Veterinario Portugalete

Clínica Veterinaria Portugalete

Padre Cortázar, 1 - 48920 , Portugalete

Desarrollo social del gato

El período de socialización del gato es más precoz y corto que en el caso del perro.

Abarca desde la 2ª semana a la 7ª. Es decir, que todos los estímulos buenos y malos recibidos en dicho periodo, marcarán su actitud con la familia de adopción en el futuro.

Es muy importante que las crías permanezcan con su madre hasta la 5ª semana de vida. Tanto su madre como sus hermanos, en los juegos de depredación (“cazar”, morder, etc ), aprenderán a controlar su fuerza.


Estructura social de los gatos

En la sociedad de los gatos que viven en la calle, se pueden ver grupos de hembras con sus camadas, que crían entre todas.

Al llegar a la edad adulta, los gatos, sobre todo los machos, se van del grupo. Los machos viven solos o compartiendo territorio con otros, los cuales se identifican entre sí con las marcas olorosas que se dejan frotándose la cabeza.

Al contrario que en la sociedad canina, entre los felinos no se dan relaciones jerárquicas.


Problemas del comportamiento

Los gatos pueden sufrir ansiedad, en mayor o menor grado, cuando se les confina en un espacio cerrado como puede ser una vivienda sin salida libre al exterior. Puede ser más evidente en gatos recogidos de la calle con más de tres meses.

Para prevenir la ansiedad, hay que ofertarles estímulos de juego, jugando con ellos con pequeños juguetes u objetos.

Si los juegos de caza con personas son demasiado agresivos, hay que tratar de redirigirlos hacia objetos inanimados.

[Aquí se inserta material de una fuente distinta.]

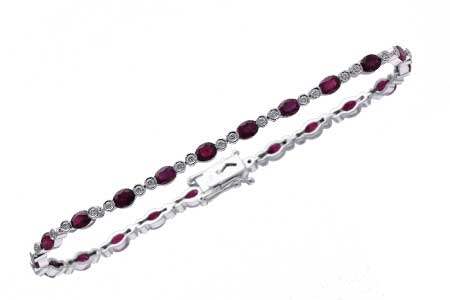 L211-81746: BRACELET 4.08 RUBY 4.55 TGW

Además de la agresividad, la ansiedad puede manifestarse con comportamientos huidizos, depresivos, acicalamiento excesivo, etc. También puede ocurrir que al acariciar al gato, éste muerde. Se trata del gato que ronronea, pide ser acariciado y en plena interacción con la persona, realiza un ataque rápido y luego huye, a veces lamiéndose compulsivamente después.

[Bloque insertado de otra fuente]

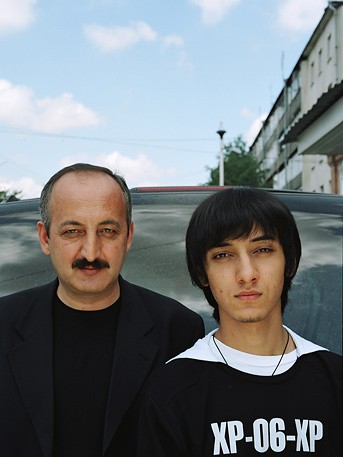 Казбек Мисиков, 45 лет. Батраз Мисиков, 17 лет Казбек Мисиков, 45 лет. Батраз Мисиков, 17 лет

Suele ser debido a un deficiente desarrollo en su fase de socialización, al haber sido poco manipulado. En este caso, es importante reconocer los síntomas previos a la irritación y posterior ataque del gato: presencia de salivación, pupilas dilatadas, orejas inclinadas hacia atrás y movimientos rápidos de la cola. Al ver este comportamiento, cesaremos de acariciarlo para evitar el mordisco.

Otra de las causas de stress en gatos es el cambio de domicilio, de hábitat, de muebles o de personas con las que convive. El gato reaccionará con marcaje urinario, defecar fuera de la bandeja, maullidos o marcaje facial excesivo al dueño.

Se recomienda entonces, rociar el mobiliario nuevo con feromonas sintéticas que existen en farmacología veterinaria. SE debe comenzar el traslado de forma gradual al nuevo piso: primero en una habitación confinado y luego ir ampliando progresivamente su espacio.

Su veterinario puede también tratar con medicamentos ansiolíticos como complemento a la terapia conductual, valorando cada caso de forma individual.

Como última recomendación, NUNCA CASTIGARLO.